Face à ce florilège de discours prônant l’éducation autrement, on peut se demander: s’agit-il d’une réaction à un système actuel à ce point inadapté que de plus en plus de voix s’élèveraient pour en changer ou est-ce l’effet d’une plus grande médiatisation d’une autre façon de concevoir l’éducation? Plus fondamentalement: est-ce vraiment le système scolaire et ses modes d’apprentissage qui sont pointés d’un doigt réprobateur ou l’éducation dans un sens beaucoup plus large mérite-elle d’être reconsidérée?
L’épaisse couche de poussière qui recouvre les écrits de philosophes anciens cache parfois tout l’intérêt actuel de leur pensée. J’aimerais ici vous inviter à (re)découvrir les propos de Montaigne, ce philosophe de la Renaissance (1533-1592) considéré comme l’un des pères de la pédagogie.
L’éducation est un thème central dans l’oeuvre de Montaigne (Essais, Livre I, «De l’institution des enfants»), qui dénonce déjà à son époque l’érudition indigeste, la tendance à « remplir le crâne » des enfants d’un tas de connaissances, qui alourdissent l’esprit sans le développer, aucune d’elles n’enseignant à vivre bien.
« On ne cesse de criailler à nos oreilles, comme qui verserait dans un entonnoir, et notre charge ce n’est que redire ce qu’on nous a dit ».

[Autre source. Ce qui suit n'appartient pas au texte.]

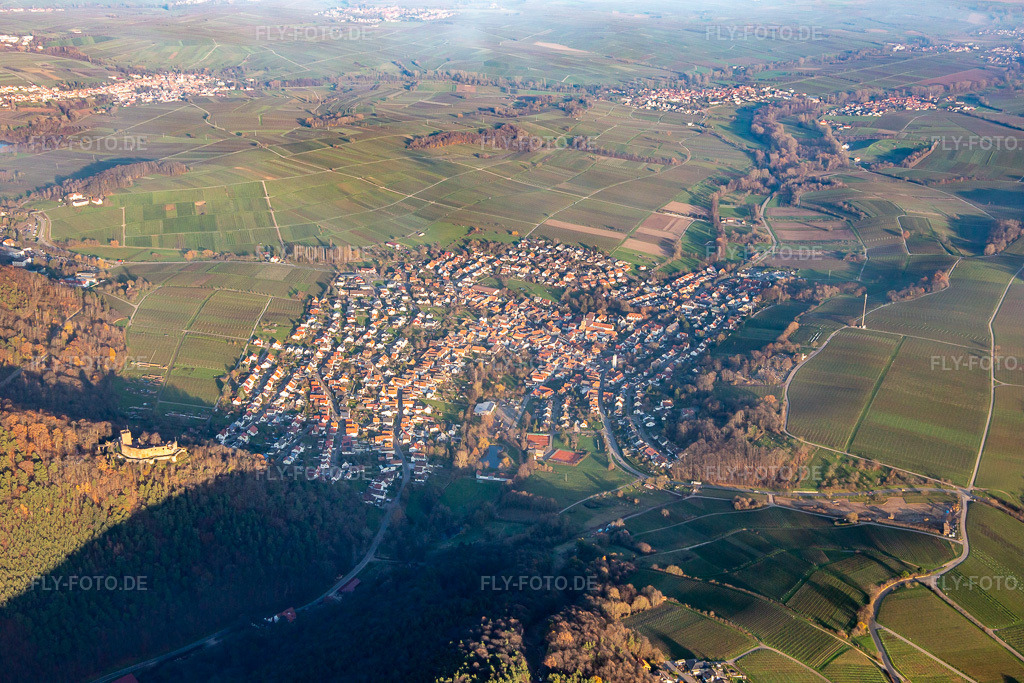 Luftbild: Ortsansicht von Südwesten in Klingenmünster im Bundesland Rheinland-Pfalz in Deutschland. Foto: IMG_135330.jpg vom 12.12.2022 durch Werner Riehm/FLY-FOTO.de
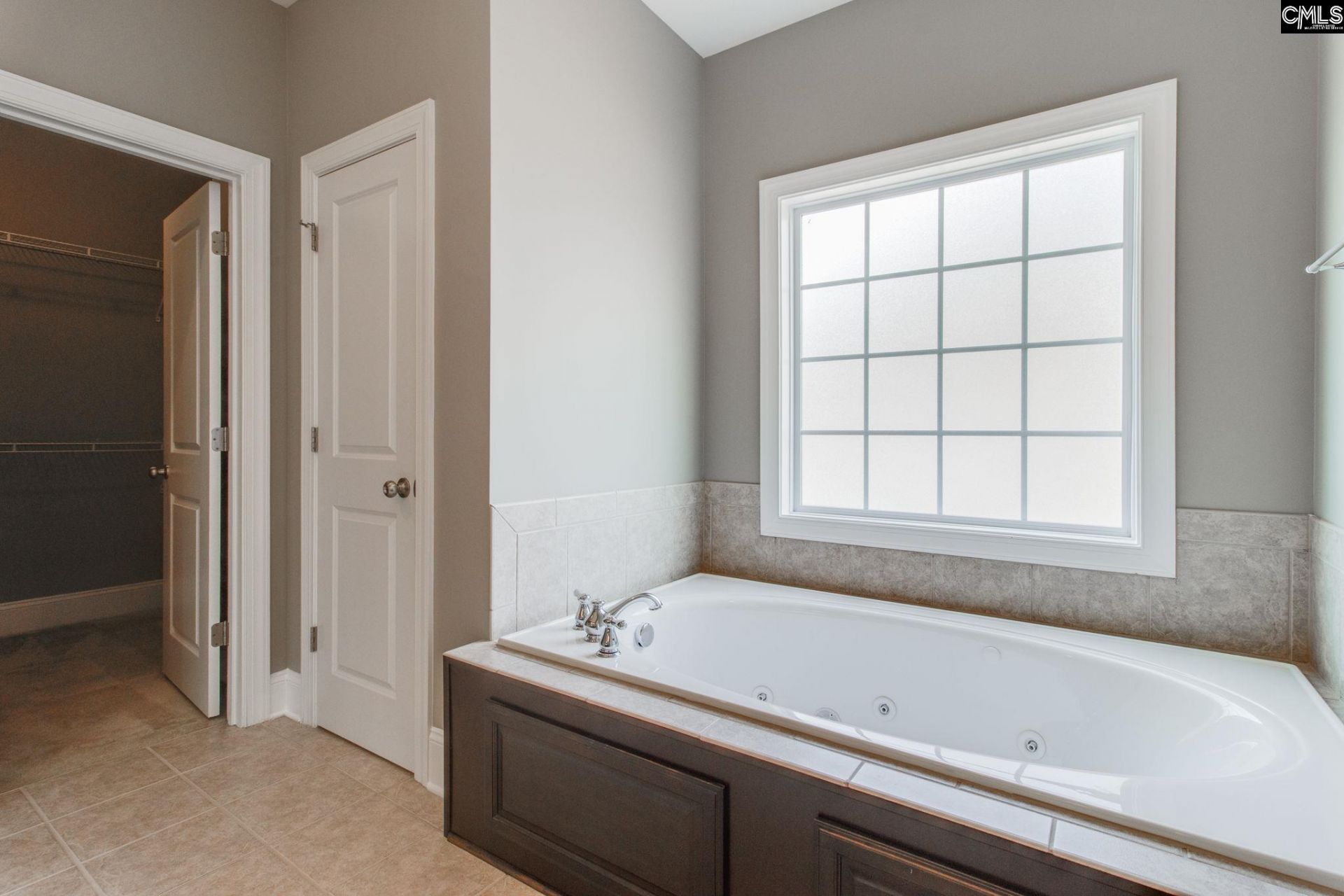 143 Abbeywalk Lane Photo 23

Le vrai projet éducatif consiste selon lui à amener l’enfant à discerner par lui-même, à pouvoir se faire son propre jugement sur les choses. Le rôle d’un éducateur est tantôt d’ouvrir un chemin, tantôt de laisser l’enfant l’ouvrir, d’entrer lui-même dans l’expérience des choses. Montaigne rappelle que des personnages comme Socrate ou Arcesilas ne parlaient pas d’emblée à leurs disciples: ils commençaient par les écouter, et les incitaient à développer leur raisonnement, avant de présenter leur propre vision.
A celui qui a responsabilité de transmettre un savoir à son élève, il adresse ces mots: « Qu’il ne lui demande pas seulement compte des mots de sa leçon, mais du sens et de la substance, et qu’il juge du profit qu’il aura fait, non par le témoignage de sa mémoire, mais de sa vie. Que ce qu’il viendra d’apprendre, il le lui fasse mettre en cent visages et accommoder à autant de divers sujets, pour voir s’il l’a encore bien pris et bien fait sien ». Ainsi, plutôt qu’à saturer la mémoire, l’éducation a vocation à aider à s’approprier le savoir, à effectuer des choix éclairés, conscients, aidant l’enfant à s’engager sur le chemin qui correspond au mieux à sa nature.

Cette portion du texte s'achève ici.